The gist is that Sokol wanted to resign before it happened and did so once the story broke.  He didn't violate any actual insider trading laws, most likely, but did in fact violate Berkshire's company policy - which is more strict.  He was not forthcoming to Mr. Buffett and especially Mr. Hamburg and this caused Warren to make false statements publicly.  Warren does not like these types of surprises.  The entire report above is a decent read and is very thorough.
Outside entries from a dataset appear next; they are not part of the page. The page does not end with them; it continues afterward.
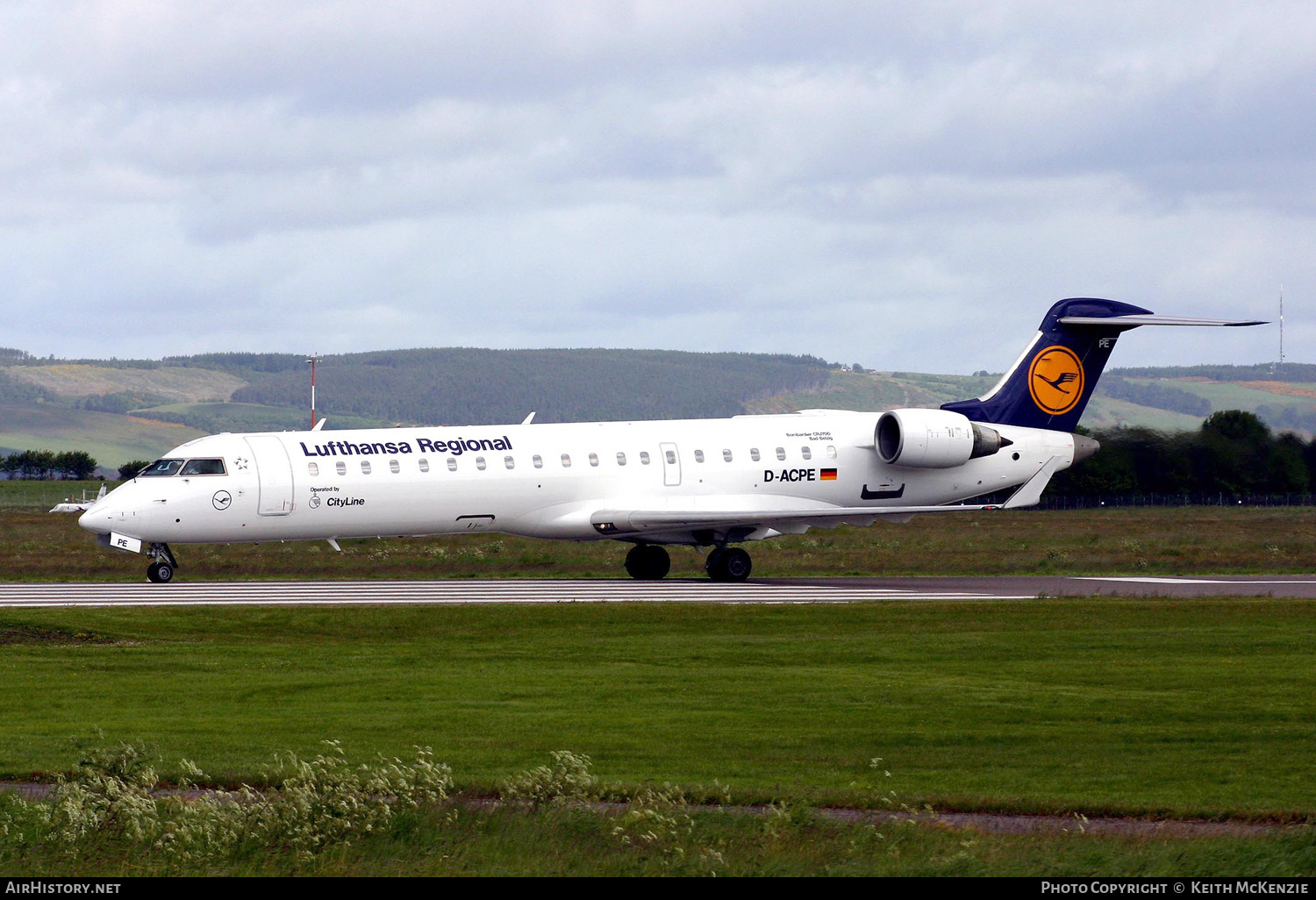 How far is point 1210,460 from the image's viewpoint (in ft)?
188

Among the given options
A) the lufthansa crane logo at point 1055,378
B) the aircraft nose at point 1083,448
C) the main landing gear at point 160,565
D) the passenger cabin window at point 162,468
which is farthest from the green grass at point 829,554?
the passenger cabin window at point 162,468

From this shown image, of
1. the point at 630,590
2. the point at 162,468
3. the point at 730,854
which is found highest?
the point at 162,468

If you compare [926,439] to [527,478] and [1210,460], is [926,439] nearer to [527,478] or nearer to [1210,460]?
[527,478]

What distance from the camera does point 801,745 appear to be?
14.8 meters

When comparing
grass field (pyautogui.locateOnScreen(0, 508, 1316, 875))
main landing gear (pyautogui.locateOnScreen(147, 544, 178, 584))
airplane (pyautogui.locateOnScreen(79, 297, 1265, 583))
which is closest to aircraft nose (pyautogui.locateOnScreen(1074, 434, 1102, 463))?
airplane (pyautogui.locateOnScreen(79, 297, 1265, 583))

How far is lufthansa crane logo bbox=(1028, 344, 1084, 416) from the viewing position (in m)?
40.3

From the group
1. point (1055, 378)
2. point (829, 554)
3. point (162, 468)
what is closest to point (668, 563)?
point (829, 554)

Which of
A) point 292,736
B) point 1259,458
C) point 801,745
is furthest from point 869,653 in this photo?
point 1259,458

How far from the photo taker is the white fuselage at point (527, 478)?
1277 inches

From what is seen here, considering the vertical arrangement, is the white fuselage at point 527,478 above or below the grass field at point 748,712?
above

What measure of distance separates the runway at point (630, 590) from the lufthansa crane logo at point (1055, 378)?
18.5ft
* here is Mr. Buffett's initial press release on Mr. Sokol's resignation: https://berkshirehathaway.com/news/mar3011.pdf
Title: Re: ATCO - Atlas Corp
Post by: Cigarbutt on November 22, 2019, 05:28:29 AM
The audit committee released a very detailed report at the time -
http://online.wsj.com/public/resources/documents/Berk_Board.pdf
..
The gist is that Sokol wanted to resign before it happened and did so once the story broke.  He didn't violate any actual insider trading laws, most likely, but did in fact violate Berkshire's company policy - which is more strict.  He was not forthcoming to Mr. Buffett and especially Mr. Hamburg and this caused Warren to make false statements publicly.  Warren does not like these type of surprises.  The entire report above is a decent read and is very thorough.
Thanks. That's a very helpful input in forming a more definitive conclusion which is relevant for the Seaspan discussion.
I infer your opinion on the topic by your selective and differentiating use of first name, 'Mr.' and last name in the above paragraph and I come to a similar conclusion.
Making sure that one's conduct is appropriate requires that one stays away from legal limits and the margin of safety necessary implies ethical lines that should not be crossed. In business behavior and otherwise, it appears that the slope becomes slippery at some thresholds and non-linear changes can occur once the duty of candor is breached.
It must have been a tough decision and this ended up a lose-lose situation.
Title: Re: ATCO - Atlas Corp
Post by: sleepydragon on November 22, 2019, 07:04:35 AM
Didn’t he sell immediately after convincing BRK to buy?
Or he bought shortly right before he made the pitch to Buffett.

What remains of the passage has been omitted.